Norway wouldn’t be the country it is today without oil and gas. We take a look back at the history of the country’s petroleum industry.
Norwegian oil and gas is Norway’s largest and most important industry. Overall it accounts for between 40 and 70% of exports.
But just how did a small fishing nation in the North Sea become the 8th largest producer of oil and 3rd largest producer of natural gas in the world? The story takes us all the way back to the 1960s.
Before 1959, no one had any hopes that the Norway’s Continental Shelf (NCS) would be a major source of oil and gas. This all changed in 1959 when gas was discovered at Groningen in the Netherlands.
The first company, Phillips Petroleum, applied in 1962 to explore the NCS for possible oil and gas resources. Their offer was seen as an attempt to lock up the entire area for one company. Norway’s government rejected this idea and were keen on opening up the resources to several different companies.

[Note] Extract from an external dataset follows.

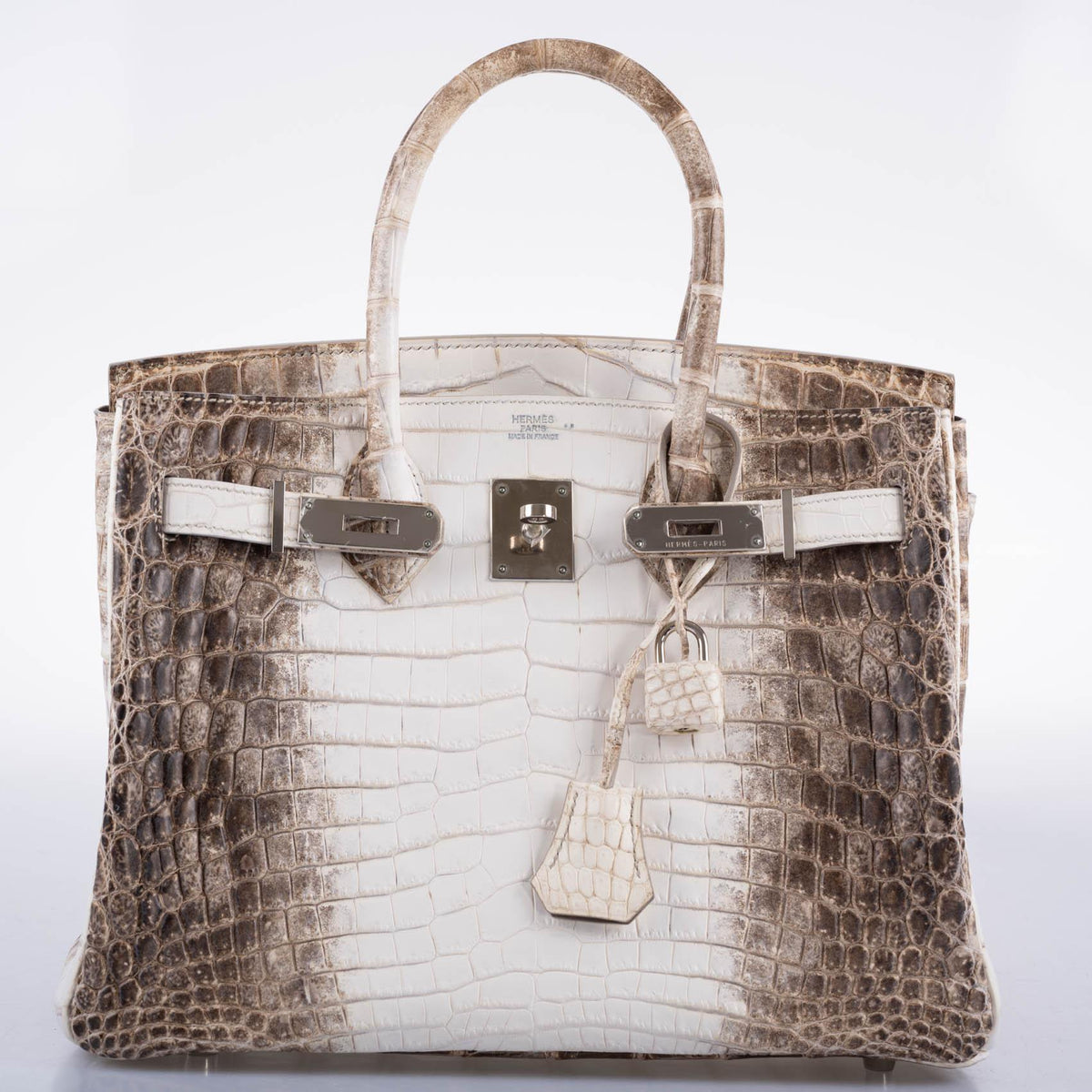 Hermes Birkin 30 Matte Himalayan Niloticus Crocodile Palladium Hardware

In 1963, the Norwegian government proclaimed sovereignty over all natural resources in the area and started issuing licenses to explore for potential oil fields but not to drill.

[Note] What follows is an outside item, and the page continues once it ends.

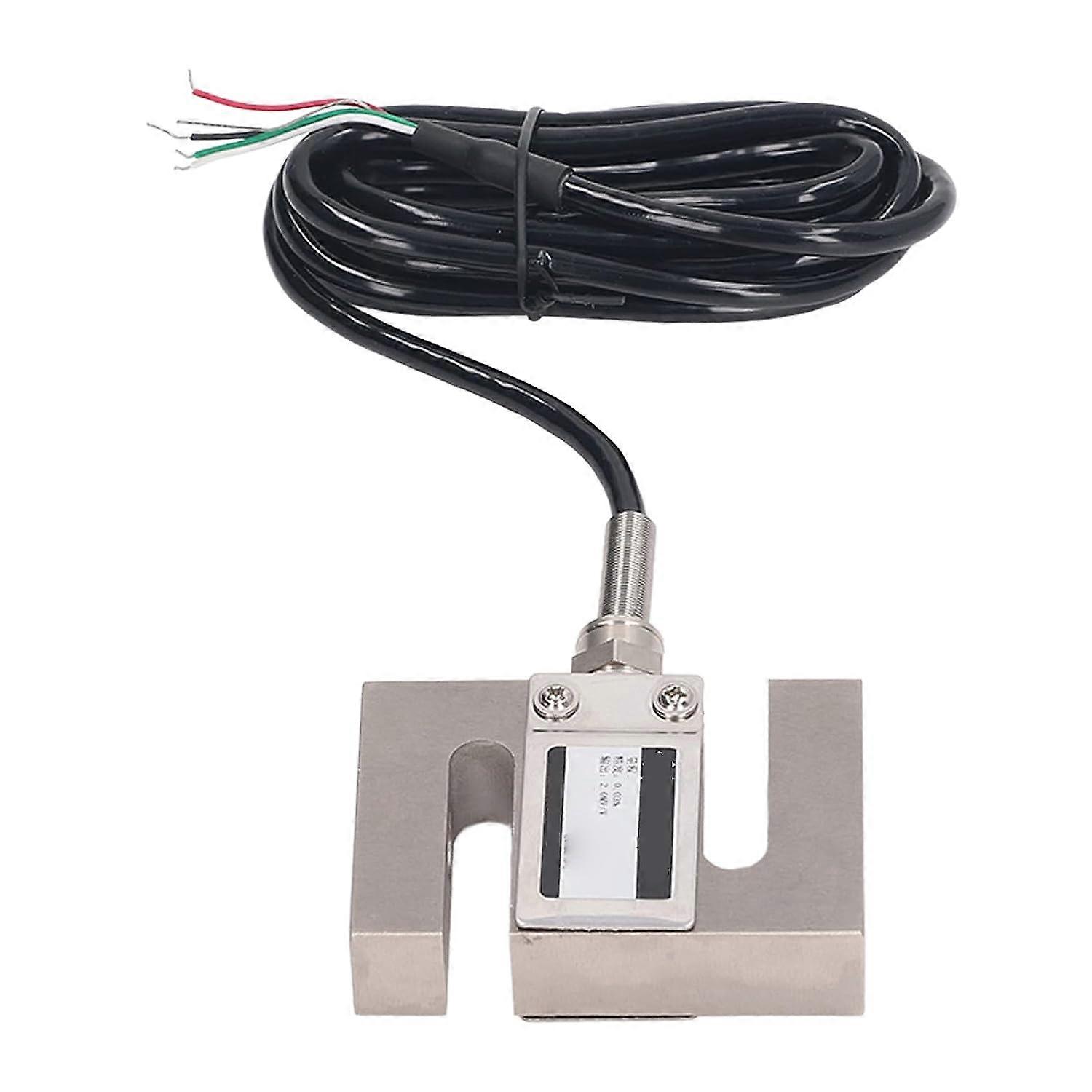 Load Cell, S-type Stainless Steel M8x1.25 Tension Sensor for Machine Tools (10KG)
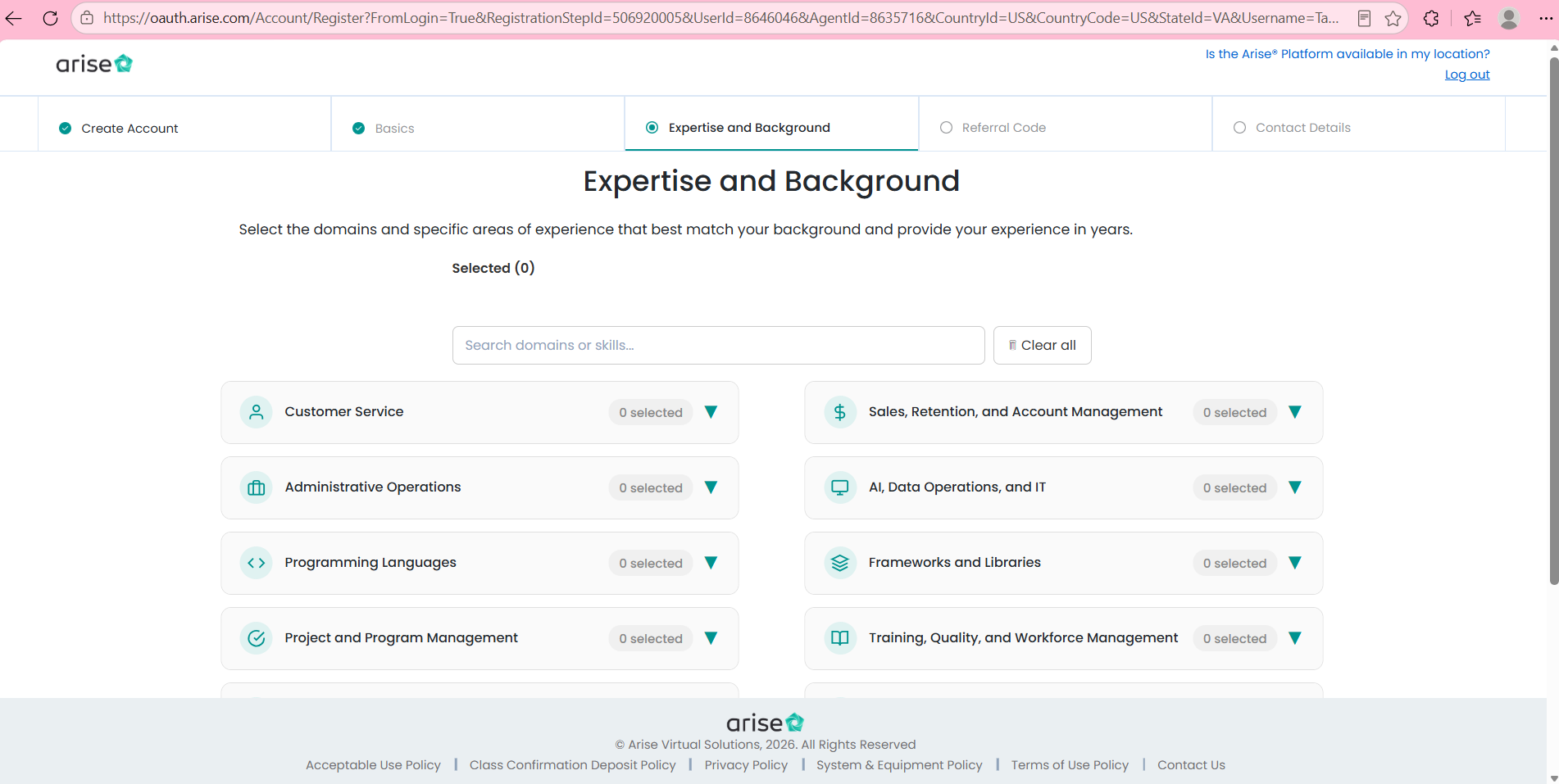 Step 5: Expertise and Background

In 1965, once issues of how to divide up the shelf with Norway and Great Britain were resolved, the first drilling licenses were awarded.
The first well was drilled in 1966 but it was found to be dry. Over the next few years, the same story came from over 200 exploratory drills. Things were looking slightly bleak until, 1969, Phillips drilled in Ekofisk. This would turn out to be one of the major oilfields on the NCS.